SUPPLIED ENTRIES:
•••••

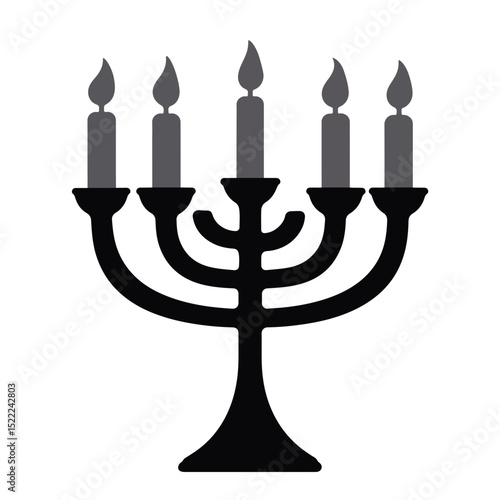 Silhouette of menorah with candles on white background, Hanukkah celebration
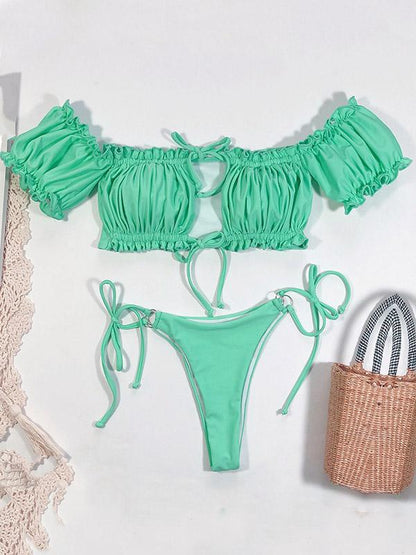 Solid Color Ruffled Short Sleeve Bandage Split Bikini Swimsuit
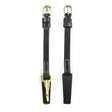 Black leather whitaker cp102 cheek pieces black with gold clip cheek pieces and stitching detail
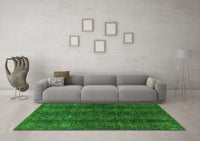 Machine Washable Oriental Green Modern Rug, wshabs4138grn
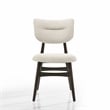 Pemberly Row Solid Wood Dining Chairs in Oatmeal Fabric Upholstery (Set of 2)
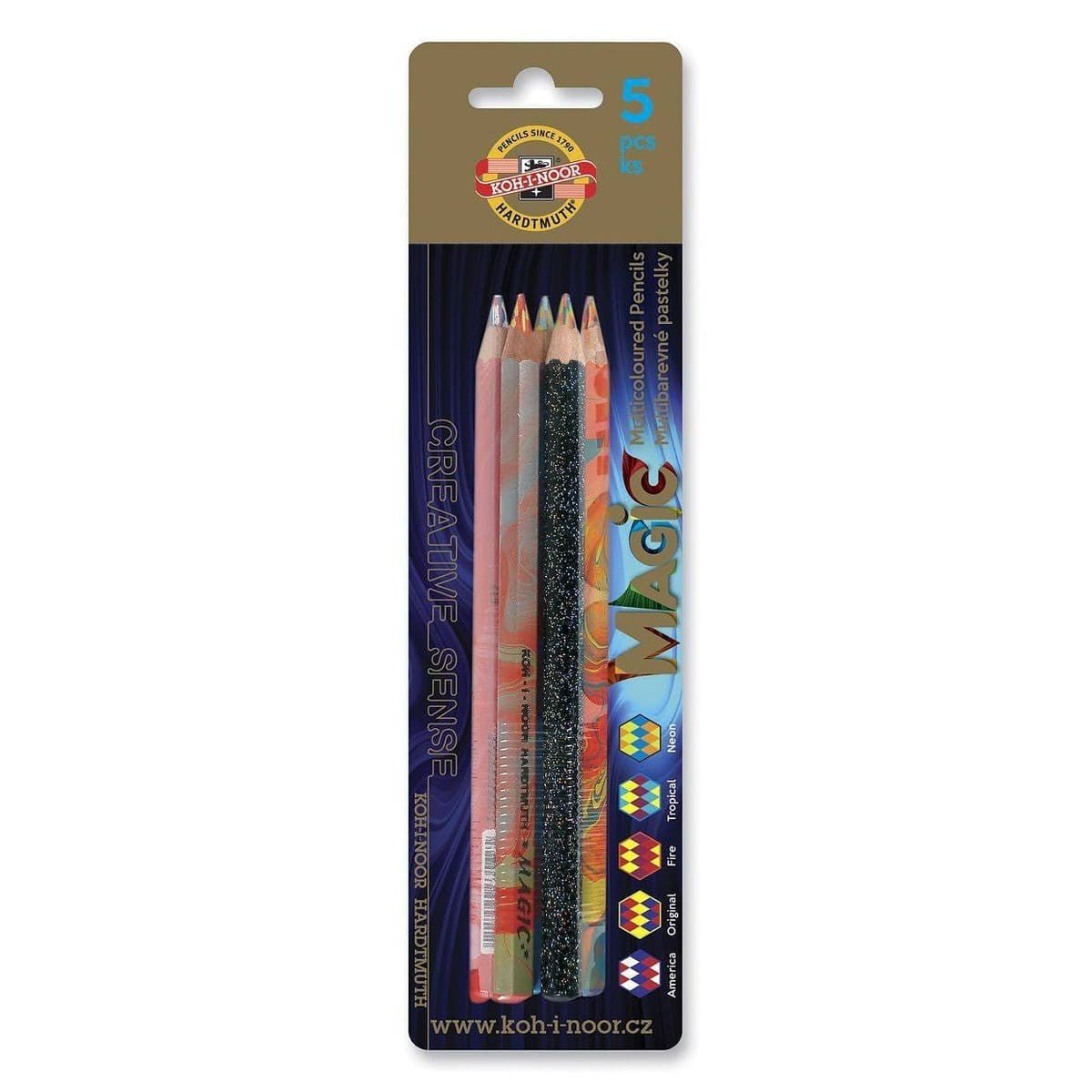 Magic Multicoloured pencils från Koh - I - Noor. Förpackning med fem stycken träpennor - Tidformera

•••••

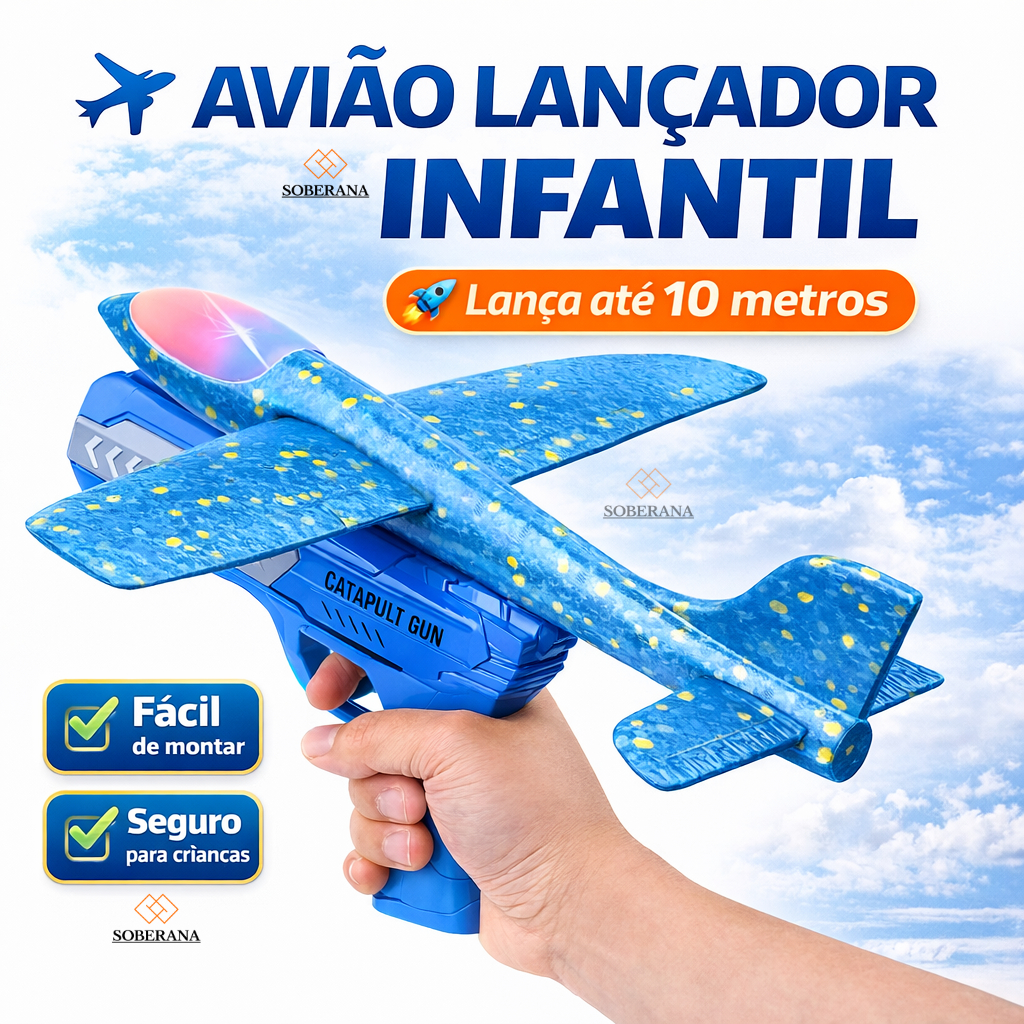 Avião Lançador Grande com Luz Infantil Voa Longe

•••••

WHAT IS REQUIRED: Print exactly the lines above that run from the one with "Silhouette of menorah" down to the one with "Magic Multicoloured pencils", and omit the pictures.

EXERCISE RESPONSE:
 Silhouette of menorah with candles on white background, Hanukkah celebration
 Solid Color Ruffled Short Sleeve Bandage Split Bikini Swimsuit
 Black leather whitaker cp102 cheek pieces black with gold clip cheek pieces and stitching detail
 Machine Washable Oriental Green Modern Rug, wshabs4138grn
 Pemberly Row Solid Wood Dining Chairs in Oatmeal Fabric Upholstery (Set of 2)
 Magic Multicoloured pencils från Koh - I - Noor. Förpackning med fem stycken träpennor - Tidformera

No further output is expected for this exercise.